◆ **Data excerpts**:
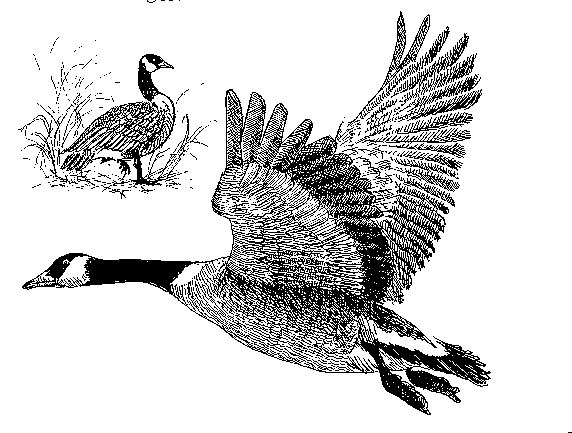 572x433 Canada Goose Line Drawing - Canada Goose Sketch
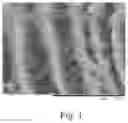 Fig. 02 - Highly aligned and packed hollow fiber assembly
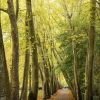 Отель Le Hameau de Courances в Куранс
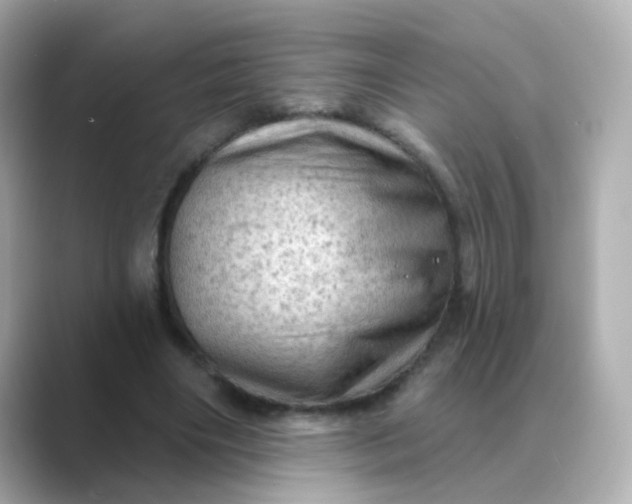 X0000088830490200706211817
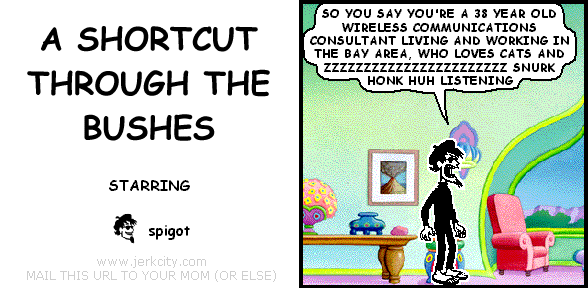 spigot: SO YOU SAY YOU'RE A 38 YEAR OLD WIRELESS COMMUNICATIONS CONSULTANT LIVING AND WORKING IN THE BAY AREA, WHO LOVES CATS AND ZZZZZZZZZZZZZZZZZZZZZZZ SNURK HONK HUH LISTENING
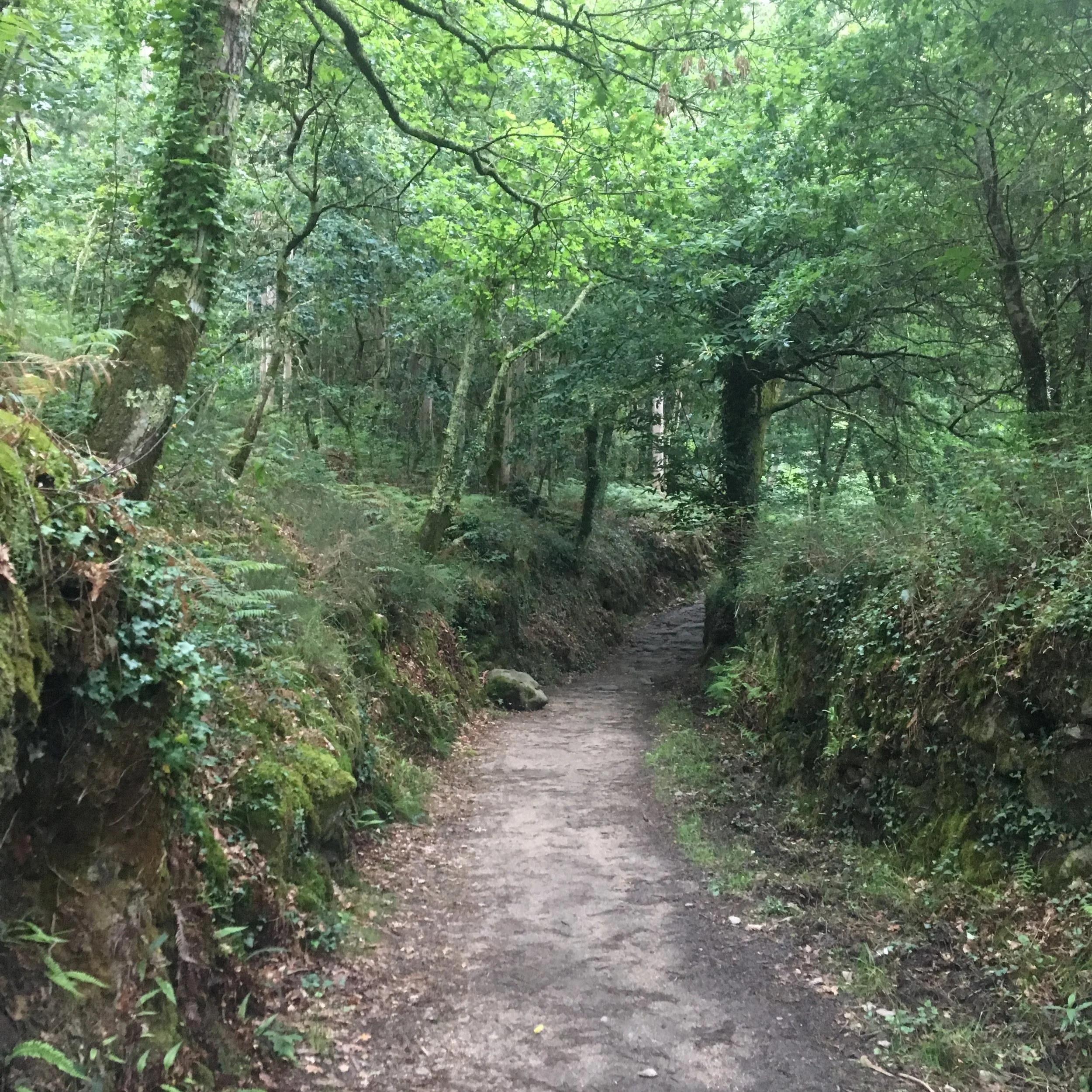 Roman path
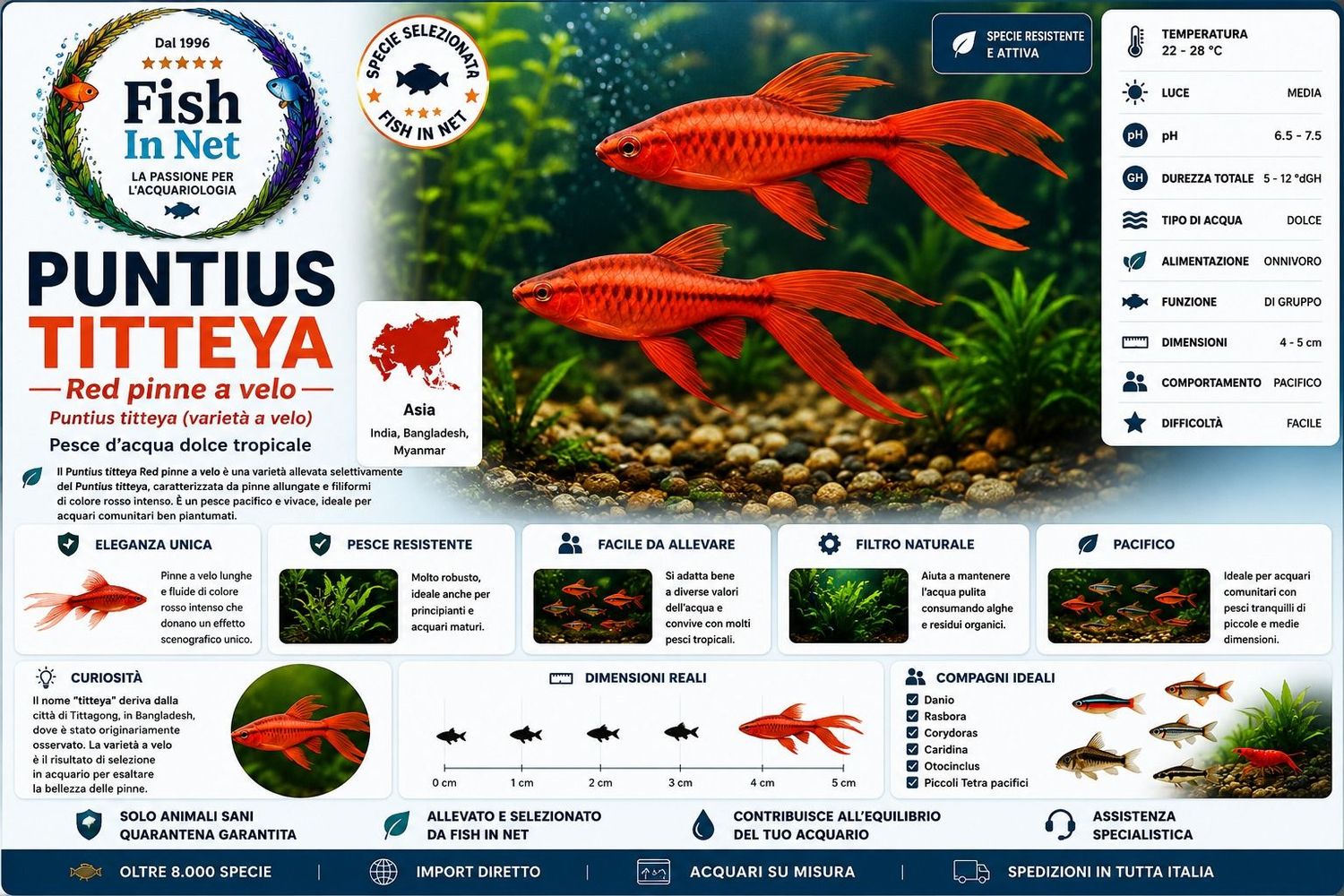 PUNTIUS TITTEYA - RED PINNE A VELO PUNTIUS TITTEYA - RED PINNE A VELO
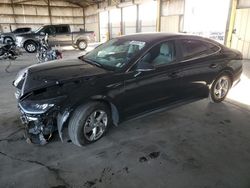 Salvage cars for sale at Phoenix, AZ auction: 2023 Hyundai Sonata SE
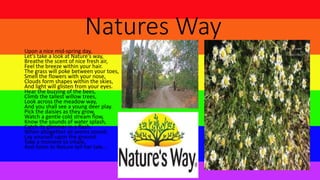 Natures Way
Upon a nice mid-spring day,
Let's take a look at Nature's way,
Breathe the scent of nice fresh air,
Feel the breeze within your hair.
The grass will poke between your toes,
Smell the flowers with your nose,
Clouds form shapes within the skies,
And light will glisten from your eyes.
Hear the buzzing of the bees,
Climb the tallest willow trees,
Look across the meadow way,
And you shall see a young deer play.
Pick the daisies as they grow,
Watch a gentle cold stream flow,
Know the sounds of water splash,
Catch its glimmer in a flash.
When altogether all seems sound,
Lay yourself upon the ground,
Take a moment to inhale,
And listen to Nature tell her tale...
 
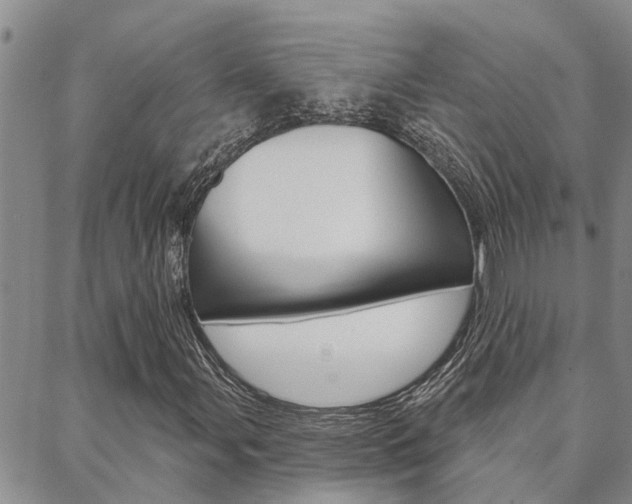X0000088591107200705250756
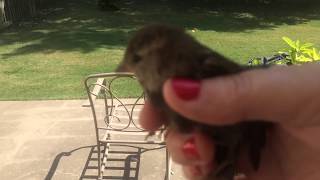 Baby Bird Saved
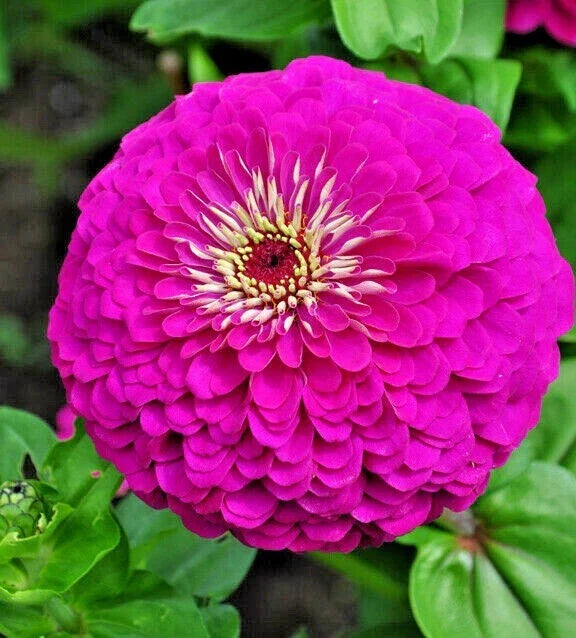 Zinnia Seeds - 300+ Lavender Flowering Annuals for Summer Garden - Easy to Grow Cut Flowers - Zinnia elegans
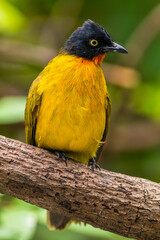 The ruby-throated bulbul (Rubigula dispar), or yellow bulbul, also known as flame throated bulbul is a member of the bulbul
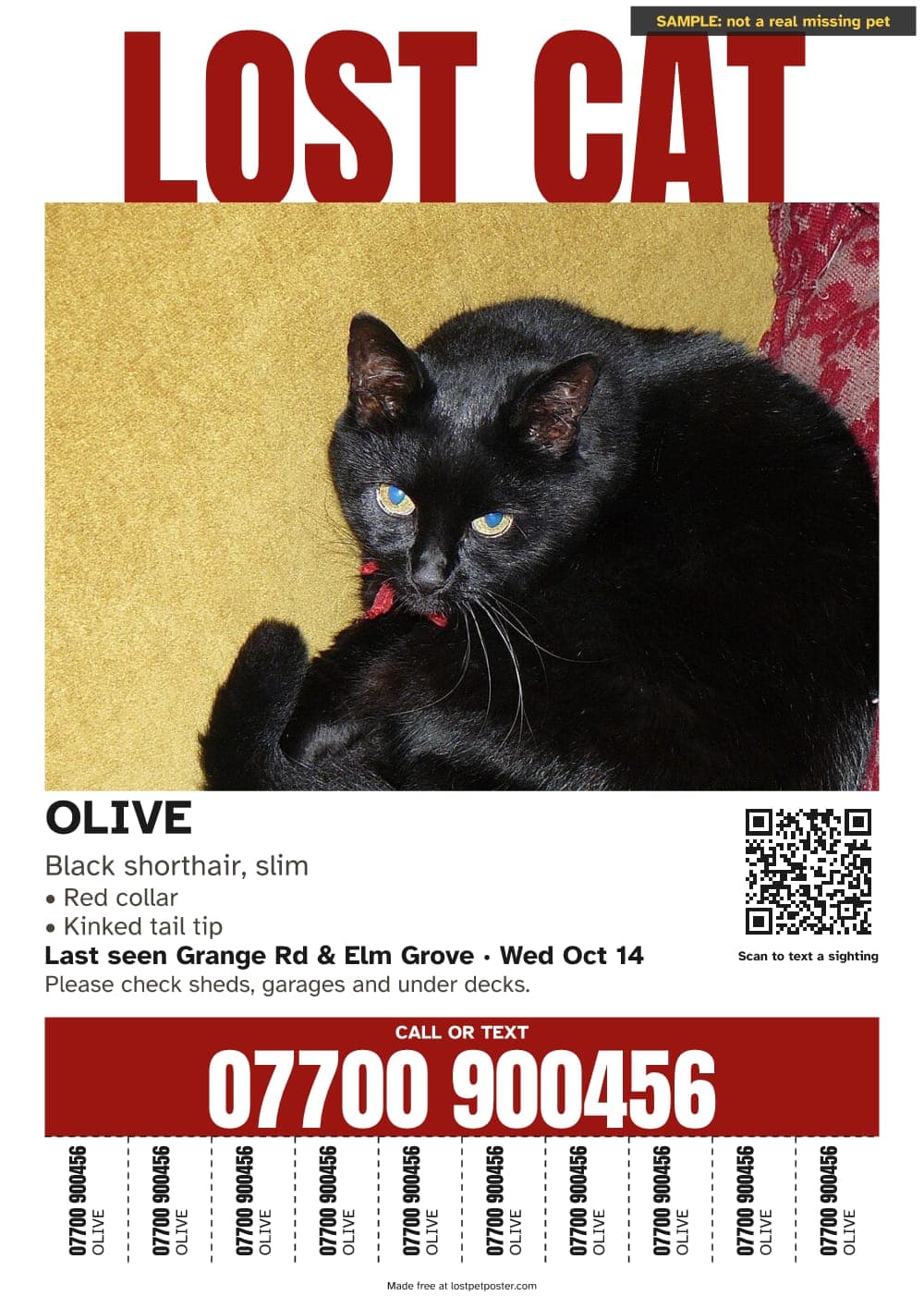 SAMPLE, not a real missing pet: LOST CAT poster for a black cat named Olive with a red collar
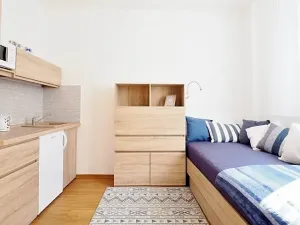 Prodej bytu 1+kk, Brno, Cejl, 17 m2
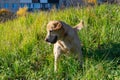 Sunstroke, health of pets in the summer. Labrador.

◆ **Your goal**: Reproduce the data exactly, please, and omit its pictures.

◆ **Answer for the task**:
 572x433 Canada Goose Line Drawing - Canada Goose Sketch
 Fig. 02 - Highly aligned and packed hollow fiber assembly
 Отель Le Hameau de Courances в Куранс
 X0000088830490200706211817
 spigot: SO YOU SAY YOU'RE A 38 YEAR OLD WIRELESS COMMUNICATIONS CONSULTANT LIVING AND WORKING IN THE BAY AREA, WHO LOVES CATS AND ZZZZZZZZZZZZZZZZZZZZZZZ SNURK HONK HUH LISTENING
 Roman path
 PUNTIUS TITTEYA - RED PINNE A VELO PUNTIUS TITTEYA - RED PINNE A VELO
 Salvage cars for sale at Phoenix, AZ auction: 2023 Hyundai Sonata SE
 Natures Way
Upon a nice mid-spring day,
Let's take a look at Nature's way,
Breathe the scent of nice fresh air,
Feel the breeze within your hair.
The grass will poke between your toes,
Smell the flowers with your nose,
Clouds form shapes within the skies,
And light will glisten from your eyes.
Hear the buzzing of the bees,
Climb the tallest willow trees,
Look across the meadow way,
And you shall see a young deer play.
Pick the daisies as they grow,
Watch a gentle cold stream flow,
Know the sounds of water splash,
Catch its glimmer in a flash.
When altogether all seems sound,
Lay yourself upon the ground,
Take a moment to inhale,
And listen to Nature tell her tale...
 
X0000088591107200705250756
 Baby Bird Saved
 Zinnia Seeds - 300+ Lavender Flowering Annuals for Summer Garden - Easy to Grow Cut Flowers - Zinnia elegans
 The ruby-throated bulbul (Rubigula dispar), or yellow bulbul, also known as flame throated bulbul is a member of the bulbul
 SAMPLE, not a real missing pet: LOST CAT poster for a black cat named Olive with a red collar
 Prodej bytu 1+kk, Brno, Cejl, 17 m2
 Sunstroke, health of pets in the summer. Labrador.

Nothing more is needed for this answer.